2. This initiative, which I may have mentioned before, establishes small plaques (another kind, not to be confused with the ones I mentioned above which are much different) on the sidewalk outside of businesses or homes from which Jews were forced from their homes and deported. (see below for what they say). I find it one of the best memorials in the world.  I have seen the plaques in Berlin, Bavaria, Austria, the Czech Republic, and Denmark.  It's a really amazing thing to just be walking down the street with your friends eating some gelato, and see a plaque, and pause to remember the severity and gravity of what happened there not even a century ago.  It's really powerful, and is a great everyday reminder for everyone.  Here's just one example of this, and this is actually the largest set of them I've ever seen (usually it's just 1-3 plaques in front of a building).
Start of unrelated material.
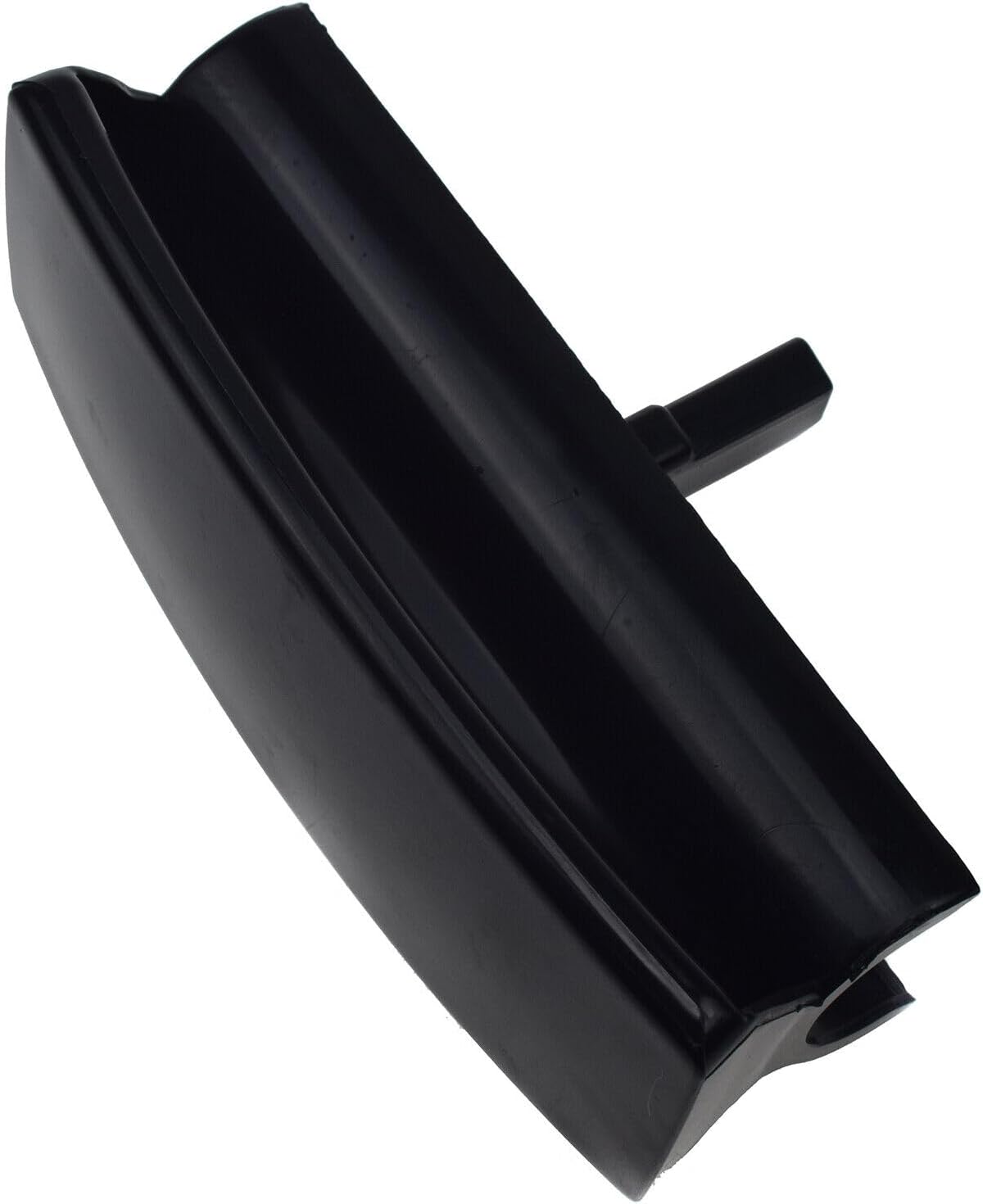 ya 2 8.15 Driver Side Exterior Door Handle Accessories for Hyundai H1 Starex Imax I800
This was in Schoneberg, the "Jewish neighborhood" where 16,000 Jews lived before WWII. 

An up close view of the plaques.  They read (bottom left, for example):

Here lived

Ursula Salinger
Born [maiden name] Salinger
Year born. 1919
Deported 1942
 Riga 
Died

For reference, Riga (the capital of Latvia) was the site of mass executions by the Einsatzgruppen.  The Einsatzgruppen is a group of German officers (often formerly-normal police officers who were forced into the job) who moved from town to town each day and would dig trenches and systematically shoot the individuals into what became mass graves - this killed an estimated 1.1 million Jews during the Holocaust.  The biggest example is in Babi Yar, which is right outside of Kiev in the Ukraine, where an estimated 33,771 individuals were murdered in a two-day masacre.  Unimaginable. 

I know this is all really really emotionally difficult material to learn about.  Trust me. I've taken classes on it, read many books on it, etc., so I definitely know.  But I sincerely hope from the absolute bottom of my heart that those of you reading this will nonetheless continue to come back and learn, feel, and interpret these things yourselves.  As one of the daughters of survivors (who is helping lead this trip) talked with us tonight, she thanked those of us whose history this is not, for coming on this trip, desiring to understand, and desiring to pass down the education on the topic.  She mentioned that as a descendent it IS her story, but for some of us like myself it is not, and that's touching for her to see. I couldn't have thought of a more appropriate response, but one student said "It wasn't my story, but it very easily could have been".

And that is why I find this so very important to learn about and experience.

Thank you so much for reading and goodnight!